READERS USED TO THE REALITY TV-STYLE STUFF OF MOST 8000m TALES WILL FIND THIS A REFRESHING CHANGE, AS THE AMERICAN-AUSTRALIAN-PAKISTANI TEAM GETS ON WITH THE JOB IN SERIOUS ISOLATION, WITH ONLY OCCASIONAL CONTACT WITH A NEARBY JAPANESE AND SHERPA TEAM. CLOSS’ TELLING, WITH VARYING DEGREES OF SELF AWARENESS, OF THE INTERACTIONS BETWEEN THEM PLUS THE CHINESE LIAISONS AND UYGHER HERDERS IS A UNIQUE SCENARIO, WITH A BIZARRE MIX OF ATTITUDES BETWEEN THE VARIOUS ETHNICITIES. ANYONE THINKING OF DOING A LONG, REMOTE EXPEDITION WILL FIND THIS ELEMENT ENLIGHTENING, WITH LESSONS TO LEARN ABOUT HOW CULTURES ENGAGE.

.

CLIMBING-WISE, CLOSS, NOT BEING AN EXPEDITION LEADER, PORTRAYS LITTLE OF THE EVENTS FROM THE SHARP END OF THE ROPE. RATHER THAN BEING SOMETHING MISSING – COUNTLESS OTHER BOOKS DETAIL THIS – HE GIVES A GOOD DESCRIPTION OF A GENERAL TEAM MEMBER AND THE ROLE THAT THIS ENTAILS. EXPUNGED OF ALL THE USUAL COMMERCIAL STUFF AND CROWDED CONDITIONS FOUND IN MOST RECENT 8000m TALES, CLOSS IS LEAVING NOTHING OUT REFERENCING EVERYONE ELSE ON THE MOUNTAIN, SIMPLY BECAUSE NO ONE ELSE IS THERE. TO HIS GROUP THE JAPANESE OFF ATTEMPTING A NEW ROUTE ON THE NORTH FACE ARE AS ALIEN AS THE LOCAL UYGHERS AND CHINESE, WHILST DESCRIPTIONS OF THE FAMOUS WESTERN CLIMBERS – SWENSON, CHILD AND MORTIMER – ARE INTIMATE BUY STILL WITHOUT SENTIMENTALITY.

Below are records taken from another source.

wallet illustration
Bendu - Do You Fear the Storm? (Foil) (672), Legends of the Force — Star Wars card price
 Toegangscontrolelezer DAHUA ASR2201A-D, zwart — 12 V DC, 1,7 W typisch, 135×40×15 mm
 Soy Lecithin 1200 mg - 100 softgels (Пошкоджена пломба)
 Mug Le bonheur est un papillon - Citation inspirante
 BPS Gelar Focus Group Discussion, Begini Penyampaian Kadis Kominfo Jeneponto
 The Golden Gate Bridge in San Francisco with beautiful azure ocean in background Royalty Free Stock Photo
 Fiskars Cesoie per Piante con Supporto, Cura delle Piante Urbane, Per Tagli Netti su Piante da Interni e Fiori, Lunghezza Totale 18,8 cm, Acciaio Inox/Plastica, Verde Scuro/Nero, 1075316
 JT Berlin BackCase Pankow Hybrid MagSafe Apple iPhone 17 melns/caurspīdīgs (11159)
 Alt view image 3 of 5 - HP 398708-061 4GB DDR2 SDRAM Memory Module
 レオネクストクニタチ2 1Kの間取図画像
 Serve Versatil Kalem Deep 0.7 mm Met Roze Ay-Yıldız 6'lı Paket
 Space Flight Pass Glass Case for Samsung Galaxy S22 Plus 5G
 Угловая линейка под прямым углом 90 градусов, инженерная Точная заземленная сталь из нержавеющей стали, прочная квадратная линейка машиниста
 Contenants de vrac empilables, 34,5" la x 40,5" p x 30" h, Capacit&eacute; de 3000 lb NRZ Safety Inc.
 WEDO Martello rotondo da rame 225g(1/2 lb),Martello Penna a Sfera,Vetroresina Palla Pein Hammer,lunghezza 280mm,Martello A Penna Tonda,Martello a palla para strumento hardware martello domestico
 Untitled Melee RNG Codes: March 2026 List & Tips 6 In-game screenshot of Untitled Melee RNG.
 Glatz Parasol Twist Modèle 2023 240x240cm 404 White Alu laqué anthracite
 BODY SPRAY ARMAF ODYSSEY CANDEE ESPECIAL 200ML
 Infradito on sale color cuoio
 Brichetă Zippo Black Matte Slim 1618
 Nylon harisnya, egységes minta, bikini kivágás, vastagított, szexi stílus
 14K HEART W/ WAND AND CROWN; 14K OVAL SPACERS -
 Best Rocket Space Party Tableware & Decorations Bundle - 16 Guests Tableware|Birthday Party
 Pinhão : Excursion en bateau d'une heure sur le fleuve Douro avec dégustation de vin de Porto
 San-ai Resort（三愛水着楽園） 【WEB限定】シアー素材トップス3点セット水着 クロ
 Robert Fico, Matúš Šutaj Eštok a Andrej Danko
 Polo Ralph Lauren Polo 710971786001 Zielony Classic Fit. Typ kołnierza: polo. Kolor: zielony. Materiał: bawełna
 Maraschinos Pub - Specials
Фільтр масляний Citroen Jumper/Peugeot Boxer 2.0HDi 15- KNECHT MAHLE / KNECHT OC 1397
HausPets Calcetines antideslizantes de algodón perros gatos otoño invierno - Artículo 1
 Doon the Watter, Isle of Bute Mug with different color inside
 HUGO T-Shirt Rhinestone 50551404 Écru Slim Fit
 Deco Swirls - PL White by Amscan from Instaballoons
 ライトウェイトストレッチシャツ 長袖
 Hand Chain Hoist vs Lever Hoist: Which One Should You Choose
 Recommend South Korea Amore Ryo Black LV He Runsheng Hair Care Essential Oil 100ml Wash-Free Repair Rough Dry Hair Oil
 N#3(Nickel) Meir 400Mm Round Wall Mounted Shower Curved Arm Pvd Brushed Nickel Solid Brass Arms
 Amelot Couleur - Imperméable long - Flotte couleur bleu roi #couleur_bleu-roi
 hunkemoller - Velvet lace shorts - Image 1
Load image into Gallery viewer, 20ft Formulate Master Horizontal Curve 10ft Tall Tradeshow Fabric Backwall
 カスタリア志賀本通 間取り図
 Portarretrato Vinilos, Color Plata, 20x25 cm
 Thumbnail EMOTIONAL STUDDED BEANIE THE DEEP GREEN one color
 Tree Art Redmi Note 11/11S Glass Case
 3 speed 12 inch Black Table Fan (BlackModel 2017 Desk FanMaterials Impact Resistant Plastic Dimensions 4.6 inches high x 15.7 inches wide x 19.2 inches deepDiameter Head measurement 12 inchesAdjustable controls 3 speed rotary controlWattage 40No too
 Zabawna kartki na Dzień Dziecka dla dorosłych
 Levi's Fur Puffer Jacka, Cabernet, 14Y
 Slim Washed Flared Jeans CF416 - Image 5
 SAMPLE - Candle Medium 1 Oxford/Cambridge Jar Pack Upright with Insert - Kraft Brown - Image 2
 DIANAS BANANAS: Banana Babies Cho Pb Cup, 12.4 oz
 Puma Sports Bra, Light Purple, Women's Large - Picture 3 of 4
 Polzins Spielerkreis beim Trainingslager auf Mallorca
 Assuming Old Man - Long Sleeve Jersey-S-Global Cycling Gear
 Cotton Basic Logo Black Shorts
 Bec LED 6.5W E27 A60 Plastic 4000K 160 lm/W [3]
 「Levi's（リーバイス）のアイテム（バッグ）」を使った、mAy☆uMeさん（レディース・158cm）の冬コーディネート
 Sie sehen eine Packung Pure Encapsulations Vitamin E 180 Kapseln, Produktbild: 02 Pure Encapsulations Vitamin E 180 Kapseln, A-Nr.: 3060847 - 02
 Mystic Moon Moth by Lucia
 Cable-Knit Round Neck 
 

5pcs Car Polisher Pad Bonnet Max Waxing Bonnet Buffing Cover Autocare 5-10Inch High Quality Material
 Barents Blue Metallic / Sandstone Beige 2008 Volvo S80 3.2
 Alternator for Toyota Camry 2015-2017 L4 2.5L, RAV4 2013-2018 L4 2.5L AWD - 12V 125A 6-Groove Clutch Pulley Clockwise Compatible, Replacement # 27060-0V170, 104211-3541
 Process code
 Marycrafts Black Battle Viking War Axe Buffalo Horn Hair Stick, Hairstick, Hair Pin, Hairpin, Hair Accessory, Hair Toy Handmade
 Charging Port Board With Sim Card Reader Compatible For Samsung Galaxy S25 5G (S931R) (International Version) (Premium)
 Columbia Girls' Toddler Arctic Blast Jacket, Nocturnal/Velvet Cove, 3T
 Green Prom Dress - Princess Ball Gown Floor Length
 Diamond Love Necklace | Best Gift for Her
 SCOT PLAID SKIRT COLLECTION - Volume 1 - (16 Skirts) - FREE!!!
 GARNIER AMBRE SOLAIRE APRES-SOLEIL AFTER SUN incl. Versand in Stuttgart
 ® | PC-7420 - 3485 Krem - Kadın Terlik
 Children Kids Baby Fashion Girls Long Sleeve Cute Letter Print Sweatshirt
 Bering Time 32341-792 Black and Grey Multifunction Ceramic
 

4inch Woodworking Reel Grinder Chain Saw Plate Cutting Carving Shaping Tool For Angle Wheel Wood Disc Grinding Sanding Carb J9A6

THIS IS A GOOD BOOK FOR A FLY-ON-THE-WALL LOOK AT THE WAY GREAT CLIMBERS OPERATE, INCLUDING RETELLINGS OF DISCUSSIONS, GROUP MEETINGS AND PASSING CHATS. OFTEN CLUNKILY INSERTED, CLOSS NEVERTHELESS HAS A KNACK FOR PORTRAYING DIALOGUE, THAT IS A VALUABLE INSIGHT INTO THE WAY CAMPS AND TEAMS WORK.

.

IMPORTANTLY, K2 NORTH RIDGE 1990 GIVES A VIEW OF THE APPROACH PHASE OF THE EXPEDITION, SOMETHING THAT HASN’T CHANGED A LOT AND THAT REALLY DEFINES THE NORTH SIDE AS REMOVED FROM ALMOST ALL OTHER 8000m ASCENTS AND LITERATURE. NOWHERE ELSE DOES THIS PROCESS EXIST (EVEN THE NORTH SIDES OG THE GASHERBRUMS AND BROAD PEAK SHARE MOST OF IT), AND CLOSS IVES IT FULL RESPECT, EQUAL TO THE CLIMBING. IN A CONRAD-ESQUE WAY THIS ELEMENT SHOWS HOW THE TEAM EXITS A KNOWN WORLD FOR ANOTHER, REFRESHINGLY CLEAR OF ANY COMPARISONS DUE TO CLOSS’ OWN LACK OF ANY OTHER PREVIOUS 8000m EXPERIENCE.

THIS DETRACTS FROM THE STORY NOTHING AT ALL, AND LETS THE WONDER SHINE THROUGH WHERE SO OFTEN IT IS BACK-BURNERED TO MAKE SPACE FOR HEROICS AND LIST-TICKING. NONE OF THE CLIMBERS PRESENT GIVE A SHIT ABOUT CLIMBING THE 14 8000ers OR ANY OTHER ARBITARY COLLECTION, AND FREES THE NARRATIVE FROM FOCUSING MUCH ON WHAT HAPPENED ELSEWHERE AND HOW FAST.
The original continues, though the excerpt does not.